§ **Work to be completed**: Give back one number only: how many lines in the material below contain "Black".
*** Opening Information ***
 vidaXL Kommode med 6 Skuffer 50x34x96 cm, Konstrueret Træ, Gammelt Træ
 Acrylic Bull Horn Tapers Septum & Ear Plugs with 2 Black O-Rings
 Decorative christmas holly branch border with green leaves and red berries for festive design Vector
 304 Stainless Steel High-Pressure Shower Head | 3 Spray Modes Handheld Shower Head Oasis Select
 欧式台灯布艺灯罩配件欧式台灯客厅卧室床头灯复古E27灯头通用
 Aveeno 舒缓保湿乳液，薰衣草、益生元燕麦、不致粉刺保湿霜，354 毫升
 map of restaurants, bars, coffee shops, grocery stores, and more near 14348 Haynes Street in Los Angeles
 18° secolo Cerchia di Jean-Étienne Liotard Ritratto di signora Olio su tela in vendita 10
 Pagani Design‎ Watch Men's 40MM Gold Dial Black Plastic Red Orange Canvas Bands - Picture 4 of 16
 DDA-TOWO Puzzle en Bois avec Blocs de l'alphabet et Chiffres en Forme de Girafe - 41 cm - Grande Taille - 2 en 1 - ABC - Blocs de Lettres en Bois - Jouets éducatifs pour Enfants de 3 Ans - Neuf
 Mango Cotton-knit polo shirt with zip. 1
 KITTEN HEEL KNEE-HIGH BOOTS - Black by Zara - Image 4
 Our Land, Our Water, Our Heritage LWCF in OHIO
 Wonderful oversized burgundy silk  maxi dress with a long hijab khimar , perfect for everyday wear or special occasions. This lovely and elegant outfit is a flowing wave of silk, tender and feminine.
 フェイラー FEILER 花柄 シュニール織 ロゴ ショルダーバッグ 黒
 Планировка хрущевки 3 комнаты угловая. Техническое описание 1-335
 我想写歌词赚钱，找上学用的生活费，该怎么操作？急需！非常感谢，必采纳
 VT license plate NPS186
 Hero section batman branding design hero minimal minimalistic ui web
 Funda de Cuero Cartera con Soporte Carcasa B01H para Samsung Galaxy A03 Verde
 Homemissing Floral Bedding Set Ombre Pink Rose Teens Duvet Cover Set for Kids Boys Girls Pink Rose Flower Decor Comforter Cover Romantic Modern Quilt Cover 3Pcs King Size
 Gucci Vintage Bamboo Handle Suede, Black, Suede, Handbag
*** Closing Information ***
§ **Answer to the exercise**: 4